To simplify the data representation and to make more efficient the compression, let us go back to the decomposition at level 7 and compress each row of the multisignal by applying a global threshold leading to recover 99% of the energy.
dirDec = 'r'; % Direction of decomposition level = 7; % Level of decomposition wname = 'sym4'; % Near symmetric wavelet decROW = mdwtdec(dirDec,X,level,wname); [XC,decCMP,THRESH] = mswcmp('cmp',decROW,'L2_perf',99); subplot(3,1,1) plot(X','r') axis tight title('Original Data: 35 days of electrical consumption') subplot(3,1,2) plot(XC','b') axis tight title('Compressed Data: 35 days of electrical consumption') subplot(3,1,3) plot((X-XC)','k') axis tight title('Residuals') xlabel('Minutes from 1 to 1440')
As it can be seen, the general shape is preserved while the local irregularities are neglected.
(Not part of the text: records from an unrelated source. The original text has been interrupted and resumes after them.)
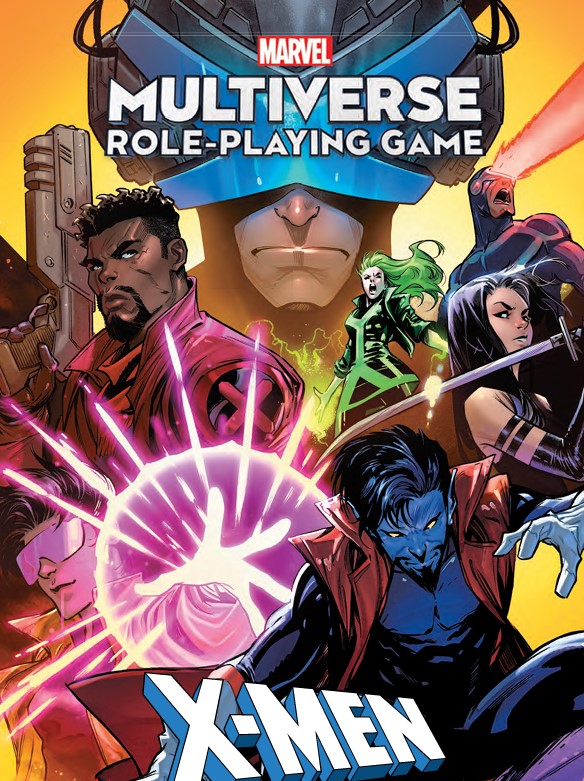 The cover to Marvel Multiverse Role-Playing Game X-Men Expansion, with Professor X in the back, with Bishop, Polaris, and Cyclops right below him, then Jubilee, Nightcrawler, and Psylocke in front of them.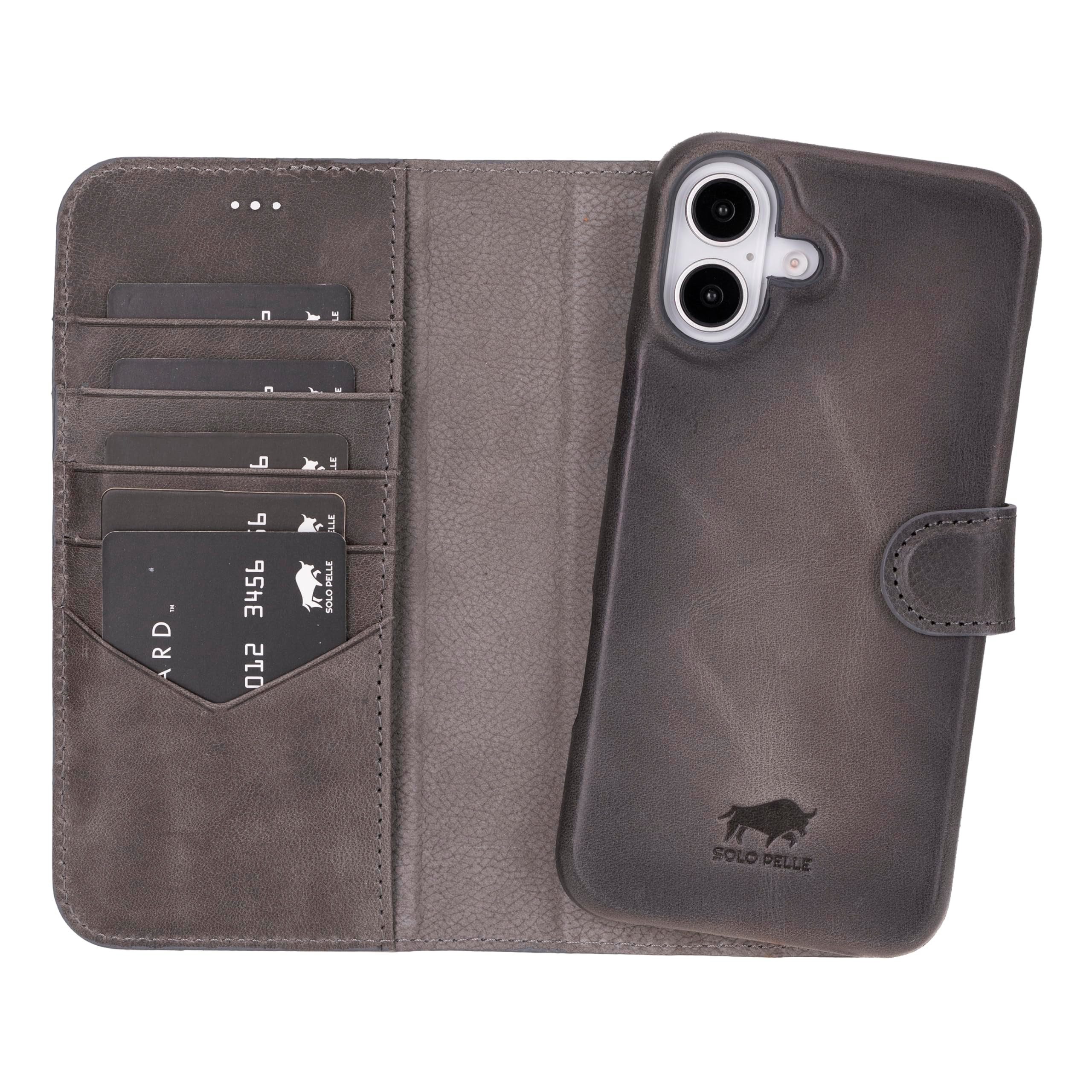 Solo Pelle Smartphonetasche Lederhülle für iPhone 16 Plus 6.7 Zoll inkl. Kartenfächer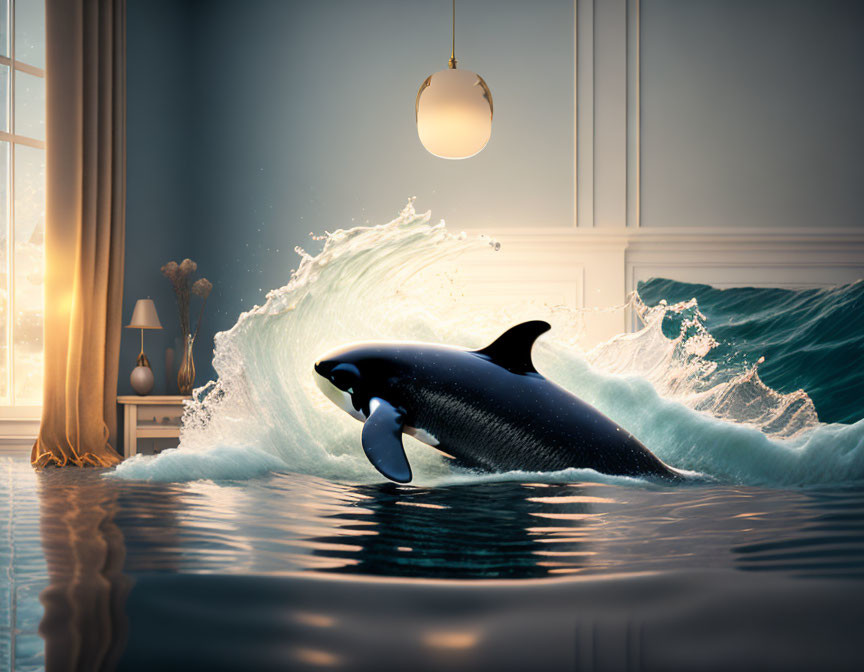 Baby Orca in the living room. 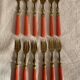 Set of 12 coral and gold dessert forks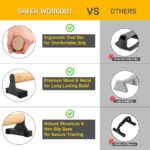 Double Circle Parallettes Push Up Bar with Ergonomic Wooden Handles – Calisthenics Equipment – Non-slip Parallel Bars for Strength Training and Calisthenics – Pushup Handles Parallettes Bars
The residuals contain noise as well as components due to the small scales essentially.
Let us now compute the corresponding densities of nonzero elements.
cfs = cat(2,[decCMP.cd{:},decCMP.ca]); cfs = sparse(cfs); perf = zeros(1,nbSIG); for k = 1:nbSIG perf(k) = 100*nnz(cfs(k,:))/nbVAL; end figure plot(perf,'r-*') title('Percentages of nonzero coefficients for the 35 days') xlabel('Signal indices') ylabel('% of nonzero coefficients')
For each signal, the percentage of required coefficients to recover 99% of the energy lies between 1.25% and 1.75%. This illustrates the capacity of wavelets to concentrate signal energy in few coefficients.
Clustering offers a convenient procedure to summarize a large set of signals using sparse wavelet representations. You can implement hierarchical clustering using mdwtcluster
. You must have the Statistics and Machine Learning Toolbox™ to use mdwtcluster
.
Compare three different clusterings of the 35-day data. The first one is based on the original multisignal, the second one on the approximation coefficients at level 7, and the last one is based on the denoised multisignal.
Set to the number of clusters to 3. Compute the structures P1 and P2 which contain respectively the two first partitions and the third one.
P1 = mdwtcluster(decROW,'lst2clu',{'s','ca7'},'maxclust',3); P2 = mdwtcluster(decDEN,'lst2clu',{'s'},'maxclust',3); Clusters = [P1.IdxCLU P2.IdxCLU];
We can now test the equality of the three partitions.
EqualPART = isequal(max(diff(Clusters,[],2)),[0 0])
EqualPART = logical 1
So the three partitions are the same. Let us now plot and examine the clusters.
figure stem(Clusters,'filled','b:') title('The three clusters of the original 35 days') xlabel('Signal indices') ylabel('Index of cluster') ax = gca; xlim([1 35]) ylim([0.5 3.1]) ax.YTick = 1:3;
The first cluster (labelled 3) contains 25 mid-week days and the two others (labelled 2 and 1) contain five Saturdays and five Sundays respectively. This illustrates again the periodicity of the underlying time series and the three different general shapes seen in the two first plots displayed at the beginning of this example.
Let us now display the original signals and the corresponding approximation coefficients used to obtain two of the three partitions.
CA7 = mdwtrec(decROW,'ca'); IdxInCluster = cell(1,3); for k = 1:3 IdxInCluster{k} = find(P2.IdxCLU==k); end figure('Units','normalized','Position',[0.2 0.2 0.6 0.6]) for k = 1:3 idxK = IdxInCluster{k}; subplot(2,3,k) plot(X(idxK,:)','r') axis tight ax = gca; ax.XTick = [200 800 1400]; if k==2 title('Original signals') end xlabel(['Cluster: ' int2str(k) ' (' int2str(length(idxK)) ')']) subplot(2,3,k+3) plot(CA7(idxK,:)','b') axis tight if k==2 title('Coefficients of approximations at level 7') end xlabel(['Cluster: ' int2str(k) ' (' int2str(length(idxK)) ')']) end
The same partitions are obtained from the original signals (1440 samples for each signal) and from the coefficients of approximations at level 7 (18 samples for each signal). This illustrates that using less than 2% of the coefficients is enough to get the same clustering partitions of the 35 days.
Denoising, compression and clustering using wavelets are very efficient tools. The capacity of wavelet representations to concentrate signal energy in few coefficients is the key of efficiency. In addition, clustering offers a convenient procedure to summarize a large set of signals using sparse wavelet representations.